Functions of the Finance Commission:
- It is the duty of the Commission to make recommendations to the President as to the distribution between the Union and the States of the net proceeds of taxes which are to be:
- Divided between them and the allocation between the States of the respective shares of such proceeds;
- The principles which should govern the grants-in-aid of the revenues of the States out of the Consolidated Fund of India;
- The measures needed to augment the Consolidated Fund of a State to supplement the resources of the Panchayats in the State based on the recommendations made by the Finance Commission of the State;
- The measures needed to augment the Consolidated Fund of a State to supplement the resources of the Municipalities in the State based on the recommendations made by the Finance Commission of the State;
- Any other matter referred to the Commission by the President in the interests of sound finance.
- The Commission determines its procedure and has such powers in the performance of its functions as Parliament may by law confer on them.
Appointment of the Finance Commission and Qualifications for Members:
- The Finance Commission is appointed by the President under Article 280 of the Constitution.
- As per the provisions contained in the Finance Commission Act, 1951 and The Finance Commission (Salaries & Allowances) Rules, 1951, the Chairman of the Commission is selected from among persons who have had experience in public affairs, and the four other members are selected from among persons who:
- (a) are, or have been, or are qualified to be appointed as Judges of a High Court; or
- (b) have special knowledge of the finances and accounts of the Government; or
- (c) have had wide experience in financial matters and administration; or
- (d) have special knowledge of economics
How are the recommendations of the Finance Commission implemented?
- The recommendations of the Finance Commission are implemented as under:
- Those to be implemented by an order of the President:
- The recommendations relating to the distribution of Union Taxes and Duties and Grants-in-aid fall in this category.
- Those to be implemented by executive orders:
- Other recommendations to be made by the Finance Commission, as per its Terms of Reference
When was the first Commission Constituted and how many Commissions have been Constituted so far?

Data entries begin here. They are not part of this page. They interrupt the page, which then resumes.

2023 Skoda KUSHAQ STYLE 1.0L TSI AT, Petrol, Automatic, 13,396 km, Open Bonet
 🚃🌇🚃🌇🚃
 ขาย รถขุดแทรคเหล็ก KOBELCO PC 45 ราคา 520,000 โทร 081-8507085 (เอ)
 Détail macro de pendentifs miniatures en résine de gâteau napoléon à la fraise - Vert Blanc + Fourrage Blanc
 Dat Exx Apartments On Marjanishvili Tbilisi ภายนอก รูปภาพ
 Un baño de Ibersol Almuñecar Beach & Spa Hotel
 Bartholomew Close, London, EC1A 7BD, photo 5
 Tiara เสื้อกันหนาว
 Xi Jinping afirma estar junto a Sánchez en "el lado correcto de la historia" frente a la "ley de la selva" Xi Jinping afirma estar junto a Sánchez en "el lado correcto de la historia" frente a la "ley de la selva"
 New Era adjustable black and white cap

- The First Finance Commission was constituted under the chairmanship of Shri K.C. Neogy on 6th April 1952.
- 15th Finance Commissions have been Constituted so far at intervals of every five years.
- The 16th Finance Commission was constituted on 31 Dec 2023 with Shri Arvind Panagariya, former Vice-Chairman, NITI Aayog as its Chairman.
- The 16th Finance Commission is required to submit its recommendations by October 31st, 2025.
- However, the recommendations of the 15th FC cover the six years up to 31st March 2026.